(Provided records)

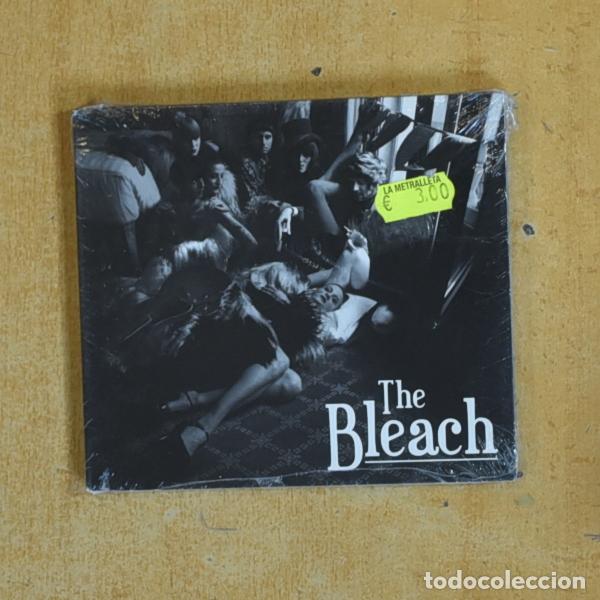 CDs de Musique: THE BLEACH - THE BLEACH - CD - Combina y ahorra en el env&iacute;o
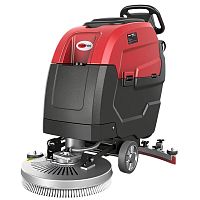 фото Поломоечная машина VOSTOK BA55 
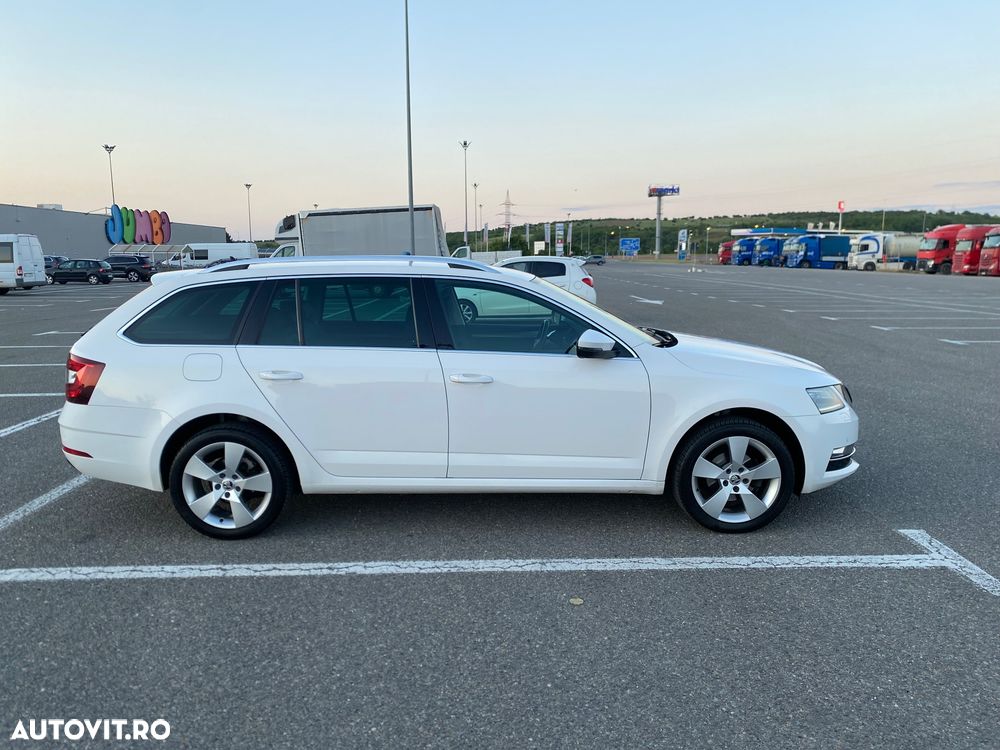 Skoda Octavia 1.6 TDI DSG Ambition - 2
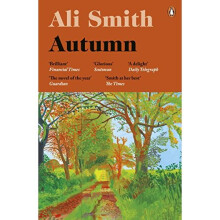 Autumn: SHORTLISTED for the Man Booker Prize 2017 (Seasonal)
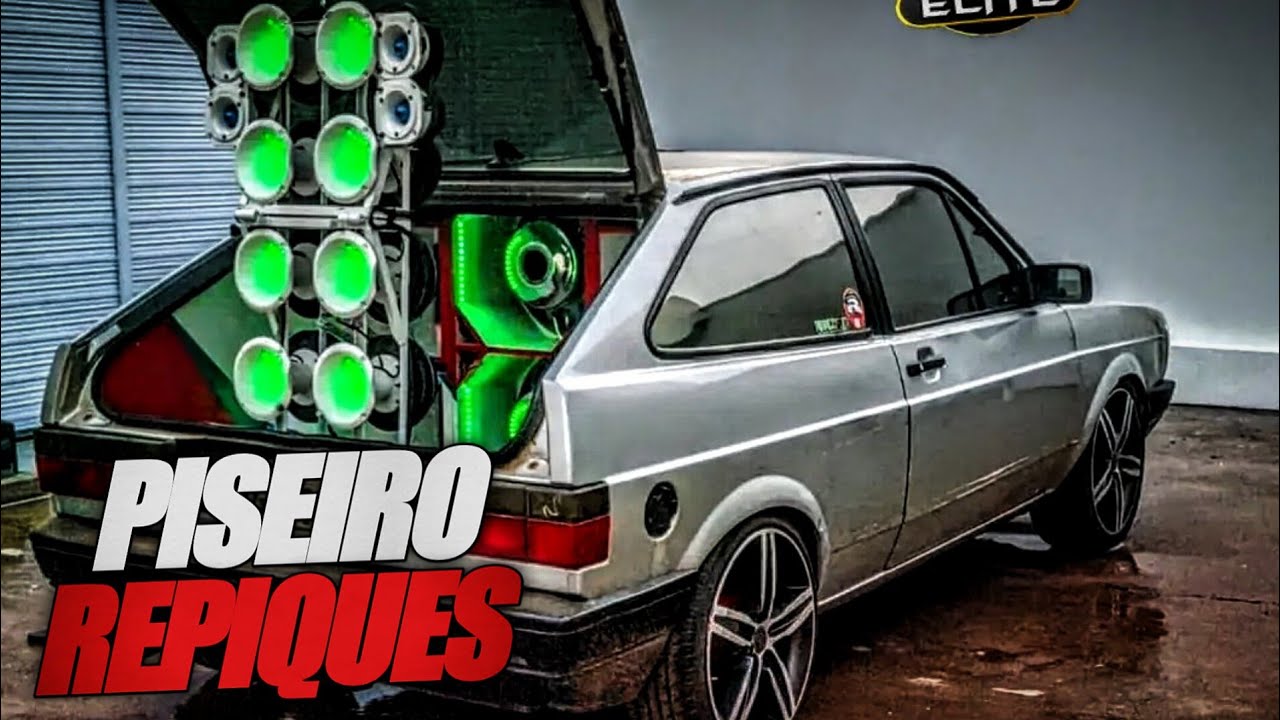 OS FERAS DO PIZEIRO | SELEÇÃO MÉDIOS E REPIQUES NO TALO PRA PAREDÃO - PRA BALANÇAR FEVEREIRO 2026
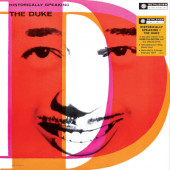 Duke Ellington - Historically Speaking - The Duke (Reedice 2023) - Vinyl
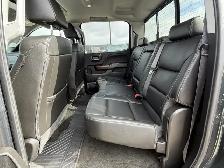 GMC Sierra 2500 SLT 2018 - Photo 24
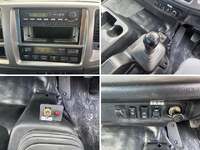 HINO Ranger Garbage Truck TKG-GC7JGAA 2015 195,451km_23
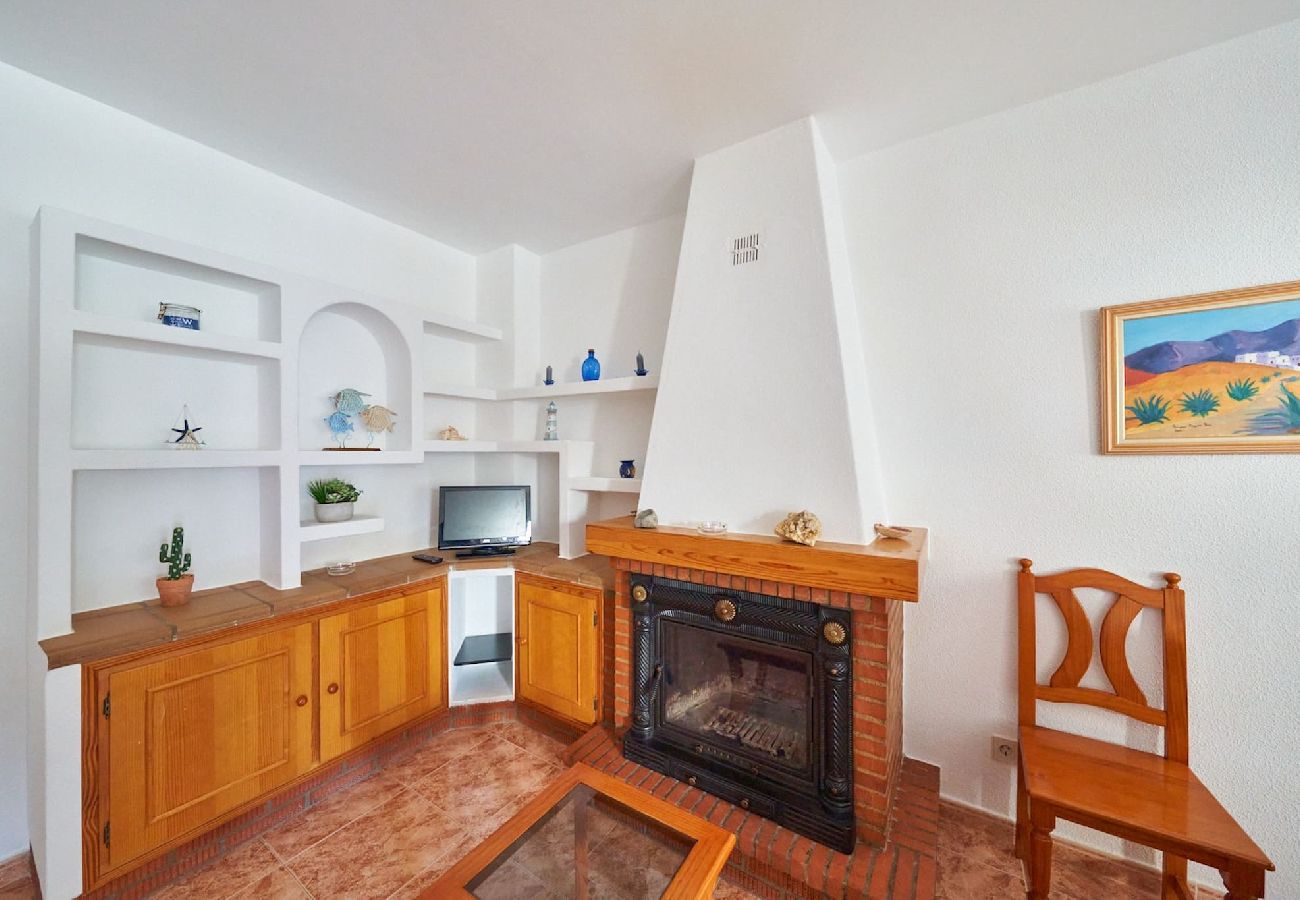 Doppelhaushälfte in San Jose - Casa Lalu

(Work instructions)
Please restate the entries word for word, with all pictures left out.

(Exercise result)
 CDs de Musique: THE BLEACH - THE BLEACH - CD - Combina y ahorra en el env&iacute;o
 фото Поломоечная машина VOSTOK BA55 
 Skoda Octavia 1.6 TDI DSG Ambition - 2
 Autumn: SHORTLISTED for the Man Booker Prize 2017 (Seasonal)
 OS FERAS DO PIZEIRO | SELEÇÃO MÉDIOS E REPIQUES NO TALO PRA PAREDÃO - PRA BALANÇAR FEVEREIRO 2026
 Duke Ellington - Historically Speaking - The Duke (Reedice 2023) - Vinyl
 GMC Sierra 2500 SLT 2018 - Photo 24
 HINO Ranger Garbage Truck TKG-GC7JGAA 2015 195,451km_23
 Doppelhaushälfte in San Jose - Casa Lalu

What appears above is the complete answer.